De acordo com a coordenadora de Vigilância em Saúde Ambiental da SES, Marlene Barros, a descentralização dos soros já vem ocorrendo em alguns Estados da Amazônia Legal e será um importante avanço em Mato Grosso para garantir maior equidade no acesso à saúde às populações indígenas, promovendo resposta mais rápida e qualificada às emergências.
“Para a descentralização dos soros antivenenos, todos os profissionais da saúde indígena terão que ser capacitados e as unidades de saúde indígenas cumprir normas e protocolos para poder receber este tipo de insumo”, afirmou.
O fortalecimento das ações de vigilância, prevenção e assistência é fundamental para reduzir riscos e assegurar atendimento adequado às populações mais vulneráveis do Estado.
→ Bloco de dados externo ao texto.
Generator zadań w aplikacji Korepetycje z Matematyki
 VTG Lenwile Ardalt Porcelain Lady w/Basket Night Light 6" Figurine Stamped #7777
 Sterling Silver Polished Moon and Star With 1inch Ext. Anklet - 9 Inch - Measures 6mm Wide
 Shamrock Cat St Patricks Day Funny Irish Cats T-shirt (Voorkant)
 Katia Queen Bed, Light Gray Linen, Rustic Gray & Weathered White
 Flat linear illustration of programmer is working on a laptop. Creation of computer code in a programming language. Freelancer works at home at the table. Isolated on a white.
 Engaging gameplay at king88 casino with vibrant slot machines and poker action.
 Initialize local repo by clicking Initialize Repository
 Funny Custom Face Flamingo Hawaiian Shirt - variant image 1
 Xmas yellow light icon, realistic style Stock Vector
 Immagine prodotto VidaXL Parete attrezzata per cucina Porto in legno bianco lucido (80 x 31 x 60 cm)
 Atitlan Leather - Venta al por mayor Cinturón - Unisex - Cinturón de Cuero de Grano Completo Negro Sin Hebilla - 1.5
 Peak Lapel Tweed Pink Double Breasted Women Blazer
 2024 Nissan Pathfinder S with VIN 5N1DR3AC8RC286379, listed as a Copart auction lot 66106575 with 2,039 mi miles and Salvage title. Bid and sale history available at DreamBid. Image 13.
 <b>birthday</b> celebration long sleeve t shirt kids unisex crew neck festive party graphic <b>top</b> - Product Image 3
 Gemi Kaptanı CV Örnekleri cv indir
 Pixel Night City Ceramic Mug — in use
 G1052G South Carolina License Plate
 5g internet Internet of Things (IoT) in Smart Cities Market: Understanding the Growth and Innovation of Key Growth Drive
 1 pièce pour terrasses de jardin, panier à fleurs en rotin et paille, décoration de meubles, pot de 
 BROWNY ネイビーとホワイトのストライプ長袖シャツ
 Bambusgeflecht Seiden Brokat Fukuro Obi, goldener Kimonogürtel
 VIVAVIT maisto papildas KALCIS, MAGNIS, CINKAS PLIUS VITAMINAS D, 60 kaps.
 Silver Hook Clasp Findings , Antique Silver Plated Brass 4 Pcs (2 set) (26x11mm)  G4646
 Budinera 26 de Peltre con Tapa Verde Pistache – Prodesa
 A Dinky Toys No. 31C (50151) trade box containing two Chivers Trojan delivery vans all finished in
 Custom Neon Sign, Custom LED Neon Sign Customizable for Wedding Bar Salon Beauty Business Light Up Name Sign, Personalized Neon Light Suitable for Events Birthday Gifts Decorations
“Porque, muitas vezes, as aldeias ficam muito mais distantes das unidades hospitalares e a maioria das vítimas de acidentes por animais peçonhentos chega já em estado grave. Então é preciso acelerar os atendimentos”, concluiu.
Durante a reunião, foram debatidas estratégias para organização logística, armazenamento, distribuição e utilização segura dos soros, bem como fluxos de atendimento, qualificação das equipes de saúde e fortalecimento da integração entre vigilância e assistência.